Tradeoffs in Agriculture, the Environment, and Farmer Health
C.C. Crissman1, J.M. Antle2, and S.M. Capalbo2

An Integrated Agriculture/Environment Model
The Pesticides Effect Study
Presentation of Results
Implications for Policy/Technology Analysis
Conclusions
Selected Reading

Over the past two decades, sustainability has come to mean for many the maintenance and improvement in human living standards, standards that are affected by changes in the environment and in human health and economic status. Incorporating sustainability criteria into the mandate of CIP implies that the Center should critically examine not only the productivity but the potential environmental and health effects of its research. In the heterogeneous and frequently fragile environments that are among the priority regions for CIP, there are considerable tradeoffs between productivity gains and their potential environmental and health effects. This paper reports on a general approach to measure the economic, environmental, and health tradeoffs associated with agricultural technologies and how those tradeoffs may be altered through technology or policy changes. The research reported here demonstrates this approach in a study of the environmental and health consequences of pesticide use in potato production in Ecuador.

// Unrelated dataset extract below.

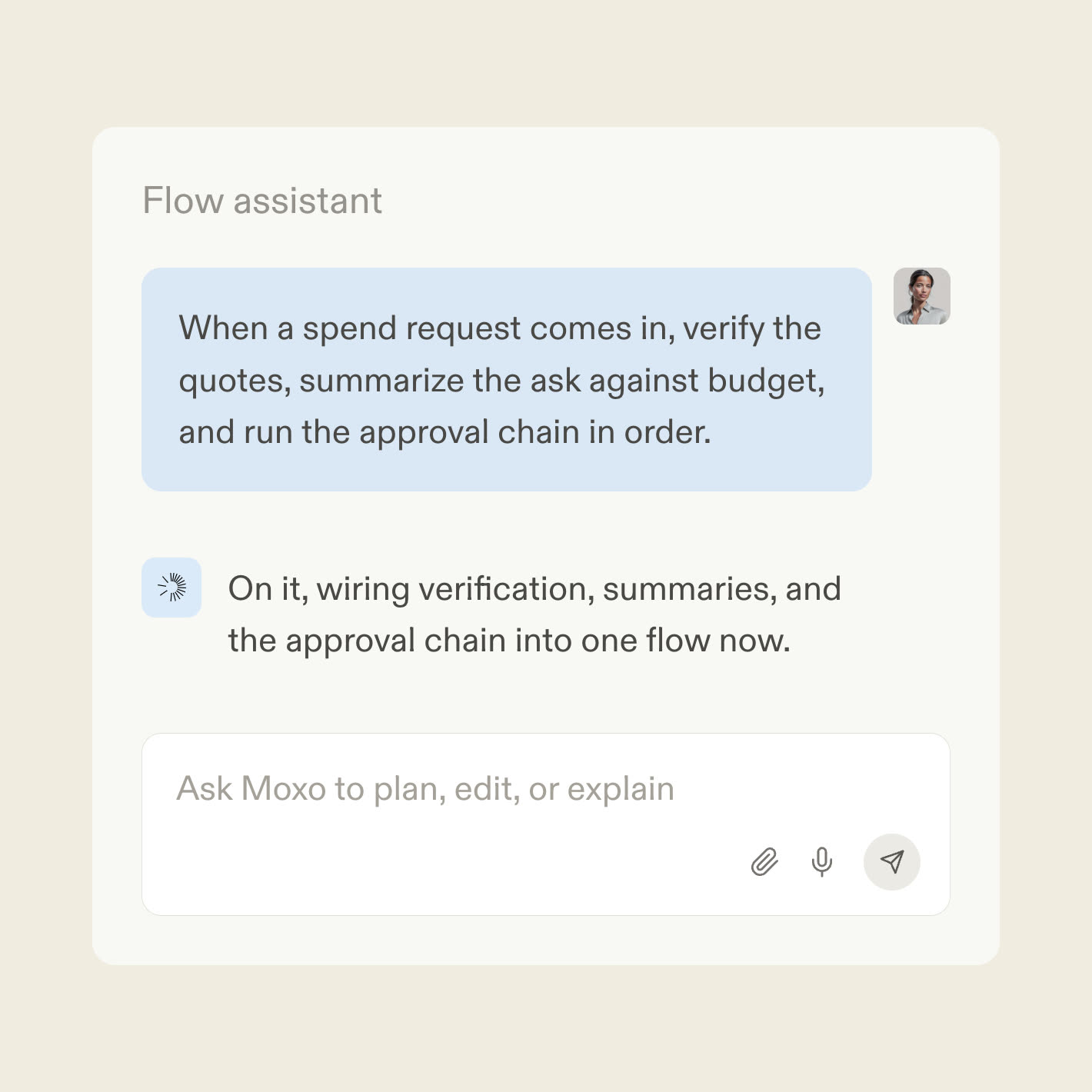 The Moxo flow assistant turning an approval policy into a workflow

An Integrated Agriculture/Environment Model

Policy analysis is typically undertaken nationally or regionally. The analysis frequently uses secondary data that reflect aggregates. However, policy analysis with sustainable agricultural development objectives must include environmental effects that are location-specific. Policy analysis in the heterogeneous biophysical setting of the tropical mountains of Ecuador suffers serious deficiencies from the averaging effects of using data that are not location-linked. One objective of the research on pesticide effects is to improve the potential for policy analysis with sustainable agriculture criteria by developing and implementing a framework that links macrotype policy to microtype effects.

The method used here is to define a common unit of measurement valid to the different disciplines and predict the effects of technological or policy changes on those units. In this case, the unit is a farm field. By describing the population of these units statistically and estimating effects on each unit, it is possible to aggregate those effects to a level useful for policy analysis. Using this information, one can define aggregate tradeoffs between economic and environmental or health outcomes in the form of a tradeoff curve.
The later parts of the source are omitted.